» EXERCISE BRIEF:
Output all records precisely as written.
===== DATA SUPPLIED =====
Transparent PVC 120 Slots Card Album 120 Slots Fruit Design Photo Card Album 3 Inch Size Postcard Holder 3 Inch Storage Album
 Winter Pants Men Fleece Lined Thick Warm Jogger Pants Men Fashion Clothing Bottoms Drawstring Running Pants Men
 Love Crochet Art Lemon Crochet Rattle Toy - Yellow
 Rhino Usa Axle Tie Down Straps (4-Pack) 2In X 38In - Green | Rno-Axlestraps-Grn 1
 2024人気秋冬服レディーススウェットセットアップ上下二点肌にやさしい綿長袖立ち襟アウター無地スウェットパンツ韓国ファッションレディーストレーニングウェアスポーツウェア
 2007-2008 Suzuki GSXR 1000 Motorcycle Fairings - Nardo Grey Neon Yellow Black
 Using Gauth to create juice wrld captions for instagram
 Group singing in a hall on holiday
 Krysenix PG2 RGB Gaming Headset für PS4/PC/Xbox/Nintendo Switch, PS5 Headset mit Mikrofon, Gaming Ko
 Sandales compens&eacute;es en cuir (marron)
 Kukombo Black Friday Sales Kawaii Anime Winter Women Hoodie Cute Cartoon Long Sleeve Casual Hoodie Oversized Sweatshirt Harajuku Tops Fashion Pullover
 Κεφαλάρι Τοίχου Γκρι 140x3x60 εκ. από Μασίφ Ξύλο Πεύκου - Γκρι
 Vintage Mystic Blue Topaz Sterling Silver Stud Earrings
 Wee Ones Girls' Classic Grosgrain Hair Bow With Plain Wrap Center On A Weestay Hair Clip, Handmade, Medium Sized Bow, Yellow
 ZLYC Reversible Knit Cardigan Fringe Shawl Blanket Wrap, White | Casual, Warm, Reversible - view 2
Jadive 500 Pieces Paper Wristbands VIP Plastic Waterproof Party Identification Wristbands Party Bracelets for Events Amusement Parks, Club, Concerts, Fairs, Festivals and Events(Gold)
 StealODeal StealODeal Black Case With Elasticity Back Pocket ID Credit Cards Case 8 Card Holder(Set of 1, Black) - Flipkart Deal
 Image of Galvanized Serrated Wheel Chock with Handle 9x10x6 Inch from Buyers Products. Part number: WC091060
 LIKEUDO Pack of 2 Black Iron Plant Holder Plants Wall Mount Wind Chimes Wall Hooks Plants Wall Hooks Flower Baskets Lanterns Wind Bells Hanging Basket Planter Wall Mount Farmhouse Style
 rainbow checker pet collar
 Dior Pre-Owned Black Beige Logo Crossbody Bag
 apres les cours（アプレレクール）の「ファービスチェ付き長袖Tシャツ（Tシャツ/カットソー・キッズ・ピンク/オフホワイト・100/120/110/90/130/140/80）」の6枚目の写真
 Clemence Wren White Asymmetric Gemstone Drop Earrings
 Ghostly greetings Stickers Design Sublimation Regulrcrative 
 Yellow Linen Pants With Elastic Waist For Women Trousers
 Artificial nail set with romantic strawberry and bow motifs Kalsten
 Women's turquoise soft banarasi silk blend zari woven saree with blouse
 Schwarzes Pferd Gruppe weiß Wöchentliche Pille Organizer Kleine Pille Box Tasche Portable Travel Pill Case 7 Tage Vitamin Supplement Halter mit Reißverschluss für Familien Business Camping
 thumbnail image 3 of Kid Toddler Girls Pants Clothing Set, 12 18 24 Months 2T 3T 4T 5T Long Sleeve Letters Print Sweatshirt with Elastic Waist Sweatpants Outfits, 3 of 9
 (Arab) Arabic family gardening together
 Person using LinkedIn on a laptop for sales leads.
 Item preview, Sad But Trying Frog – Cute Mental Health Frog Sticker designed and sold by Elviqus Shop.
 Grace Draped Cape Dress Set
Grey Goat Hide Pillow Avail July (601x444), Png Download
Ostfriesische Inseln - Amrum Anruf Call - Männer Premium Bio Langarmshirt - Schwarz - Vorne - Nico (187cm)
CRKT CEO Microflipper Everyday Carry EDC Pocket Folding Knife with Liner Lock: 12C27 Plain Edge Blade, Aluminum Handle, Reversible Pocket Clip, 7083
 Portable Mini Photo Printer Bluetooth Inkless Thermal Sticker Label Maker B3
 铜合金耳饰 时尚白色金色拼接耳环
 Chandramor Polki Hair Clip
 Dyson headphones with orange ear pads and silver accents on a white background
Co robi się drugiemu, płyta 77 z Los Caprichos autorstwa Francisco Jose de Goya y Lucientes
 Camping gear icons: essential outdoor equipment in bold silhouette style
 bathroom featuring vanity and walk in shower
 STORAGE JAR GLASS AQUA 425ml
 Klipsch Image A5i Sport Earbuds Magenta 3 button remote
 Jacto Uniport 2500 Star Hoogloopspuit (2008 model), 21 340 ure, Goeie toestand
=====
» TASK ANSWER:
Transparent PVC 120 Slots Card Album 120 Slots Fruit Design Photo Card Album 3 Inch Size Postcard Holder 3 Inch Storage Album
 Winter Pants Men Fleece Lined Thick Warm Jogger Pants Men Fashion Clothing Bottoms Drawstring Running Pants Men
 Love Crochet Art Lemon Crochet Rattle Toy - Yellow
 Rhino Usa Axle Tie Down Straps (4-Pack) 2In X 38In - Green | Rno-Axlestraps-Grn 1
 2024人気秋冬服レディーススウェットセットアップ上下二点肌にやさしい綿長袖立ち襟アウター無地スウェットパンツ韓国ファッションレディーストレーニングウェアスポーツウェア
 2007-2008 Suzuki GSXR 1000 Motorcycle Fairings - Nardo Grey Neon Yellow Black
 Using Gauth to create juice wrld captions for instagram
 Group singing in a hall on holiday
 Krysenix PG2 RGB Gaming Headset für PS4/PC/Xbox/Nintendo Switch, PS5 Headset mit Mikrofon, Gaming Ko
 Sandales compens&eacute;es en cuir (marron)
 Kukombo Black Friday Sales Kawaii Anime Winter Women Hoodie Cute Cartoon Long Sleeve Casual Hoodie Oversized Sweatshirt Harajuku Tops Fashion Pullover
 Κεφαλάρι Τοίχου Γκρι 140x3x60 εκ. από Μασίφ Ξύλο Πεύκου - Γκρι
 Vintage Mystic Blue Topaz Sterling Silver Stud Earrings
 Wee Ones Girls' Classic Grosgrain Hair Bow With Plain Wrap Center On A Weestay Hair Clip, Handmade, Medium Sized Bow, Yellow
 ZLYC Reversible Knit Cardigan Fringe Shawl Blanket Wrap, White | Casual, Warm, Reversible - view 2
Jadive 500 Pieces Paper Wristbands VIP Plastic Waterproof Party Identification Wristbands Party Bracelets for Events Amusement Parks, Club, Concerts, Fairs, Festivals and Events(Gold)
 StealODeal StealODeal Black Case With Elasticity Back Pocket ID Credit Cards Case 8 Card Holder(Set of 1, Black) - Flipkart Deal
 Image of Galvanized Serrated Wheel Chock with Handle 9x10x6 Inch from Buyers Products. Part number: WC091060
 LIKEUDO Pack of 2 Black Iron Plant Holder Plants Wall Mount Wind Chimes Wall Hooks Plants Wall Hooks Flower Baskets Lanterns Wind Bells Hanging Basket Planter Wall Mount Farmhouse Style
 rainbow checker pet collar
 Dior Pre-Owned Black Beige Logo Crossbody Bag
 apres les cours（アプレレクール）の「ファービスチェ付き長袖Tシャツ（Tシャツ/カットソー・キッズ・ピンク/オフホワイト・100/120/110/90/130/140/80）」の6枚目の写真
 Clemence Wren White Asymmetric Gemstone Drop Earrings
 Ghostly greetings Stickers Design Sublimation Regulrcrative 
 Yellow Linen Pants With Elastic Waist For Women Trousers
 Artificial nail set with romantic strawberry and bow motifs Kalsten
 Women's turquoise soft banarasi silk blend zari woven saree with blouse
 Schwarzes Pferd Gruppe weiß Wöchentliche Pille Organizer Kleine Pille Box Tasche Portable Travel Pill Case 7 Tage Vitamin Supplement Halter mit Reißverschluss für Familien Business Camping
 thumbnail image 3 of Kid Toddler Girls Pants Clothing Set, 12 18 24 Months 2T 3T 4T 5T Long Sleeve Letters Print Sweatshirt with Elastic Waist Sweatpants Outfits, 3 of 9
 (Arab) Arabic family gardening together
 Person using LinkedIn on a laptop for sales leads.
 Item preview, Sad But Trying Frog – Cute Mental Health Frog Sticker designed and sold by Elviqus Shop.
 Grace Draped Cape Dress Set
Grey Goat Hide Pillow Avail July (601x444), Png Download
Ostfriesische Inseln - Amrum Anruf Call - Männer Premium Bio Langarmshirt - Schwarz - Vorne - Nico (187cm)
CRKT CEO Microflipper Everyday Carry EDC Pocket Folding Knife with Liner Lock: 12C27 Plain Edge Blade, Aluminum Handle, Reversible Pocket Clip, 7083
 Portable Mini Photo Printer Bluetooth Inkless Thermal Sticker Label Maker B3
 铜合金耳饰 时尚白色金色拼接耳环
 Chandramor Polki Hair Clip
 Dyson headphones with orange ear pads and silver accents on a white background
Co robi się drugiemu, płyta 77 z Los Caprichos autorstwa Francisco Jose de Goya y Lucientes
 Camping gear icons: essential outdoor equipment in bold silhouette style
 bathroom featuring vanity and walk in shower
 STORAGE JAR GLASS AQUA 425ml
 Klipsch Image A5i Sport Earbuds Magenta 3 button remote
 Jacto Uniport 2500 Star Hoogloopspuit (2008 model), 21 340 ure, Goeie toestand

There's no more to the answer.